Leia abaixo a íntegra da nota:
NOTA À IMPRENSA
A respeito da nota “Juiz questiona procedimento do MPF e pede providências ao CNMP”, divulgada pelo juiz federal Ali Mazloum, da 7ª Vara Federal Criminal de São Paulo, em 16/07/2009, o Ministério Público Federal em São Paulo esclarece:
a) as investigações realizadas no âmbito do Ministério Público Federal seguem as regras constitucionais, legais e da Resolução nº 77/2004 do Conselho Superior do Ministério Público Federal;
b) tais apurações, enquanto não dependam de medidas judiciais, não são distribuídas no Judiciário. A mesma solução, diga-se de passagem, foi adotada para os inquéritos policiais, pelo Conselho da Justiça Federal, na resolução nº 63/2009, fato de conhecimento de todo o Judiciário Federal;
c) a requisição de dados fiscais pelo MPF é amparada pela Lei Complementar 75/93, pelas Notas Cosit nº 200/2003 e 001/2008 da Receita Federal e pela Nota Técnica nº 179/2007 da AGU, o que também é de conhecimento dos operadores jurídicos.
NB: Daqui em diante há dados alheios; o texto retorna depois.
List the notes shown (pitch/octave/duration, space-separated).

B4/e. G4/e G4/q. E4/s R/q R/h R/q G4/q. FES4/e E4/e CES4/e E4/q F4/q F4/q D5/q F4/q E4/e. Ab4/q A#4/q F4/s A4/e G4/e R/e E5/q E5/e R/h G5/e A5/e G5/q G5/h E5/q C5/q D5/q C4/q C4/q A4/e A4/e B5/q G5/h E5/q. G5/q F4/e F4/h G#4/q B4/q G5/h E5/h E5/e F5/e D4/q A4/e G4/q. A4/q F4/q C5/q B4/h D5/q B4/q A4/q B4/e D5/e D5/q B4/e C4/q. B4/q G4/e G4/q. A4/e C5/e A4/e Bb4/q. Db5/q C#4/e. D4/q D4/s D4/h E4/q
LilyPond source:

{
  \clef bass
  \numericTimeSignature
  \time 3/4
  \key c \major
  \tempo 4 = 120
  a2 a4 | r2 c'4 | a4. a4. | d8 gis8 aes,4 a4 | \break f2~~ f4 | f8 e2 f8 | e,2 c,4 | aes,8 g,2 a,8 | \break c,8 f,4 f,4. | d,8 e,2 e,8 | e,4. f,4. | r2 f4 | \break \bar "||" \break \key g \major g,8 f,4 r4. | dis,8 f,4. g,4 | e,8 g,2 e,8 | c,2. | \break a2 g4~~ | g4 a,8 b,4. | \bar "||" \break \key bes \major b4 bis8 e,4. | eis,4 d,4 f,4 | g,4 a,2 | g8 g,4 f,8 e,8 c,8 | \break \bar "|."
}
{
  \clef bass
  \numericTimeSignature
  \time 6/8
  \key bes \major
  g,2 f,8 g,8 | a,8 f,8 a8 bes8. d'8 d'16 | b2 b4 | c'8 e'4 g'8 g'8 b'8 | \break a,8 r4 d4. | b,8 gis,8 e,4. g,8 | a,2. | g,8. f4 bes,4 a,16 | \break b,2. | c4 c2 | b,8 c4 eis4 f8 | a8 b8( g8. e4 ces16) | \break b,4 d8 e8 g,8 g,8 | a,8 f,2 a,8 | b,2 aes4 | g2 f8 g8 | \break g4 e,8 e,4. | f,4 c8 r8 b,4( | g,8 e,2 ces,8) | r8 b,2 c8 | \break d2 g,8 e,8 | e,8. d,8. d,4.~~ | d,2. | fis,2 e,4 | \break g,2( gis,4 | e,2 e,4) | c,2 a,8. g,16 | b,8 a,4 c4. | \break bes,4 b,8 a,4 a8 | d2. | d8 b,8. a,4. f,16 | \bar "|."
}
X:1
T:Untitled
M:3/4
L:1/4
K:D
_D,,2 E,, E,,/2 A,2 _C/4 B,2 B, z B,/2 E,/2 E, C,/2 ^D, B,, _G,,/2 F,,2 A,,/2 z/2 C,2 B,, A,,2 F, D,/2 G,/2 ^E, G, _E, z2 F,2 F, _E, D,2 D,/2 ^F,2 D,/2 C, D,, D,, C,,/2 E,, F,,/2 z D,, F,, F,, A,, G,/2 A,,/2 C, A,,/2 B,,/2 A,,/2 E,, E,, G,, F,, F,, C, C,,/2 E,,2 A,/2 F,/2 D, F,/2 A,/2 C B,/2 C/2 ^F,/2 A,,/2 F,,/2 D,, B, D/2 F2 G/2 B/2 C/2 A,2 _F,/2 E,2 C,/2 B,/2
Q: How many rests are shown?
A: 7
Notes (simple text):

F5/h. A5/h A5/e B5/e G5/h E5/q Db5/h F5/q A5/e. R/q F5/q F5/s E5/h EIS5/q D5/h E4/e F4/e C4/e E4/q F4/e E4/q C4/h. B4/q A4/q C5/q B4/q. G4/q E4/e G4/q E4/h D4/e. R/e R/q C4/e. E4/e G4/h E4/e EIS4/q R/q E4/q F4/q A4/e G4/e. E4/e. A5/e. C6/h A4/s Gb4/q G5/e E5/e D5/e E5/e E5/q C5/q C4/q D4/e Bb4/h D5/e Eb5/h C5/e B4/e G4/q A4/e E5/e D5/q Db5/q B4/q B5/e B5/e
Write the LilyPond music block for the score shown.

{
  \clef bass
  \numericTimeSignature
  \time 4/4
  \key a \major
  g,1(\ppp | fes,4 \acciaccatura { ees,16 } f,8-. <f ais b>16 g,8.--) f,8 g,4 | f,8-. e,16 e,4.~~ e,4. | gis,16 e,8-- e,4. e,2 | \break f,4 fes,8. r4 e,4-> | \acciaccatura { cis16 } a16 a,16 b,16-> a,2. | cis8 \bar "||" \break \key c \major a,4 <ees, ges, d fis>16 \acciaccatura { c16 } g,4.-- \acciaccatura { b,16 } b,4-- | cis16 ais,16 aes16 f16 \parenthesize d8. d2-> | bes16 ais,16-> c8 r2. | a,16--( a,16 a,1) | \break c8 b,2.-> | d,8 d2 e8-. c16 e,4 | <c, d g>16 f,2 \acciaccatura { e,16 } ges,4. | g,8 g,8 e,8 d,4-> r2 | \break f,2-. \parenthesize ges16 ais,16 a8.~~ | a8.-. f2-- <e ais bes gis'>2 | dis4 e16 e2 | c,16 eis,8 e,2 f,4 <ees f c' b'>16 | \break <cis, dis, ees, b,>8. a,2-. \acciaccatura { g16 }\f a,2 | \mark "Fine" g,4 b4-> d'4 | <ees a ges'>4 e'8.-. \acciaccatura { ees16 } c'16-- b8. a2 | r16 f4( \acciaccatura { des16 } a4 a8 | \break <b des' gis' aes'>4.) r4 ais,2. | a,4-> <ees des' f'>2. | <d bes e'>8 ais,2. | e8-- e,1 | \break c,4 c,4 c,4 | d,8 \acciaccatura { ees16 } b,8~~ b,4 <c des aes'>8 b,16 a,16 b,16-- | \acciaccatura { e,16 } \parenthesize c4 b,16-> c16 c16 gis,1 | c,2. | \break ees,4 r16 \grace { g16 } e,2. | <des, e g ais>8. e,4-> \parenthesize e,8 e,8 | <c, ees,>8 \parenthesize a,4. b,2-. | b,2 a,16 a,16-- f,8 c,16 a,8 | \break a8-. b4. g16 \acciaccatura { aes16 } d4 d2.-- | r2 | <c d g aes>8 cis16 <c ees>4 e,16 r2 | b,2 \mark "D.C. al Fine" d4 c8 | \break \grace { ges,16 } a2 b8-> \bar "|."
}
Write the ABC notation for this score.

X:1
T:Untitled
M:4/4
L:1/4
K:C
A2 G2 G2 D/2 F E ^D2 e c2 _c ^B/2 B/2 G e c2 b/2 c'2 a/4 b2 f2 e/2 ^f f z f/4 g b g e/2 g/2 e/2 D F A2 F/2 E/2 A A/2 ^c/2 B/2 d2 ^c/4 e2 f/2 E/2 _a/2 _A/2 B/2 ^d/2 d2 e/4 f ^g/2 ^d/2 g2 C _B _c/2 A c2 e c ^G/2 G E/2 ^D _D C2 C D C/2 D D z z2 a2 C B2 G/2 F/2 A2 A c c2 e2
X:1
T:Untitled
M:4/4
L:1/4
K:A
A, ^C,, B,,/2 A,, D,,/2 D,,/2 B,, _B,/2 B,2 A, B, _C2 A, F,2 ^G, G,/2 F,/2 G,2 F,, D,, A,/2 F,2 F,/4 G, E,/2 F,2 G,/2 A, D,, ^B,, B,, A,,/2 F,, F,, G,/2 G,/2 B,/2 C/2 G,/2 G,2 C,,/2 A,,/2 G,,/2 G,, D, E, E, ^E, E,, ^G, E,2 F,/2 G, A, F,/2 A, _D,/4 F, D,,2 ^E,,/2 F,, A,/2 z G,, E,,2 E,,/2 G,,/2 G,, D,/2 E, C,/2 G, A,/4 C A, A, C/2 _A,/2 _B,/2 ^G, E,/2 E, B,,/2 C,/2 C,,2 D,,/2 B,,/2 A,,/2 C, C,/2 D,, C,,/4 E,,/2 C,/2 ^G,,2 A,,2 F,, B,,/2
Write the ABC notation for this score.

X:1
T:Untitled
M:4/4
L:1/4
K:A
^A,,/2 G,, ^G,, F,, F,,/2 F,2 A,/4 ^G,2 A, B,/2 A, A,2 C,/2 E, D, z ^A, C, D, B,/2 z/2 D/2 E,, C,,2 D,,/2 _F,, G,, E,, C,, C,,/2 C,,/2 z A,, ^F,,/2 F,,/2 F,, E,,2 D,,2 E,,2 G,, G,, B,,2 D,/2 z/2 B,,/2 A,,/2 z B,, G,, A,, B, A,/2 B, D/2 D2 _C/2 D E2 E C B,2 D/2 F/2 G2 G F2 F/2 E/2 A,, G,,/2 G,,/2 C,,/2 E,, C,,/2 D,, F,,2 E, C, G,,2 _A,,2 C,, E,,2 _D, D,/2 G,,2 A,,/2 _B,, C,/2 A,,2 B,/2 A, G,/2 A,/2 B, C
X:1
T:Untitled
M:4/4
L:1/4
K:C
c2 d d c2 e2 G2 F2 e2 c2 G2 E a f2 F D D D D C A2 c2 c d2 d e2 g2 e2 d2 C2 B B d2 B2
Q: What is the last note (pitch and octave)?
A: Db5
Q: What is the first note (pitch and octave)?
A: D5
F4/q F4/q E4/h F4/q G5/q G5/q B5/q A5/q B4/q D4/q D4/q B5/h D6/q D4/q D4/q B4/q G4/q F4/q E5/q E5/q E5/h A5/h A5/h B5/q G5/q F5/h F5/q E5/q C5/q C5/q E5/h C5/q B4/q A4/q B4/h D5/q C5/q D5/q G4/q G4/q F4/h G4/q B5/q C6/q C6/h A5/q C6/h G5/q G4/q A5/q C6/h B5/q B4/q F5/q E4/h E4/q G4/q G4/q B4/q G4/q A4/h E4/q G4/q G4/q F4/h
Observe-se que não houve nenhuma medida na apuração, como prisões, buscas domiciliares e interceptação telefônica, que demandasse a atuação do Poder Judiciário;
d) o controle do arquivamento das investigações criminais no âmbito do MPF é feito pela 2ª Câmara de Coordenação e Revisão, a qual recebe tanto inquéritos policiais remetidos por juízes federais, como investigações realizadas pelo próprio MPF, para concordância ou não do arquivamento promovido pelos Procuradores da República;
e) no caso concreto, a 2ª Câmara não concordou com o arquivamento e determinou que outro membro passasse a atuar no caso;
f) não há proibição de se proceder a apurações baseadas em notícia-anônima, consoante reiteradas decisões dos Tribunais, incluindo STF (RHC 86082), STJ (HCs 44649 e 41366) e TRF da 3ª Região (HC 31137 e ACR 31208);
g) o anonimato é vedado para as manifestações de opinião, mas não para noticiar a ocorrência de crimes. É de conhecimento notório que as polícias mantêm sistemas de “disque-denúncias”, garantindo o anonimato do cidadão. A própria Ordem dos Advogados do Brasil disponibiliza email e telefone para o recebimento de notícias anônimas em relação a crimes praticados contra advogados*;
h) não se concebe nenhuma ligação lógica entre sigilo da investigação, reconhecida como necessária, até para o resguardo da intimidade do investigado, e notícias de violação ao princípio da publicidade dos atos administrativos. Afirmação nesse sentido é puramente retórica;
i) mais espécie causa ainda a referida nota, quando, ao final, há o registro de que o juízo da 7ª Vara concordou com a solução dada pelo MPF ao caso ao determinar o arquivamento da investigação, o que já havia sido proposto sem nenhuma divulgação à mídia, para resguardo dos investigados; e
j) o Ministério Público Federal em São Paulo, consciente de seu papel responsável na construção da cidadania no País, não teme a verdade e está aberto a críticas e sugestões, no aprimoramento de sua missão institucional. E não teme eventual apuração de qualquer órgão, pelo contrário, concorda que as instituições públicas devem prestar contas de sua atuação à população e conclama todos os agentes públicos a agirem com responsabilidade e isenção no trato de questões fundamentais para a construção da cidadania.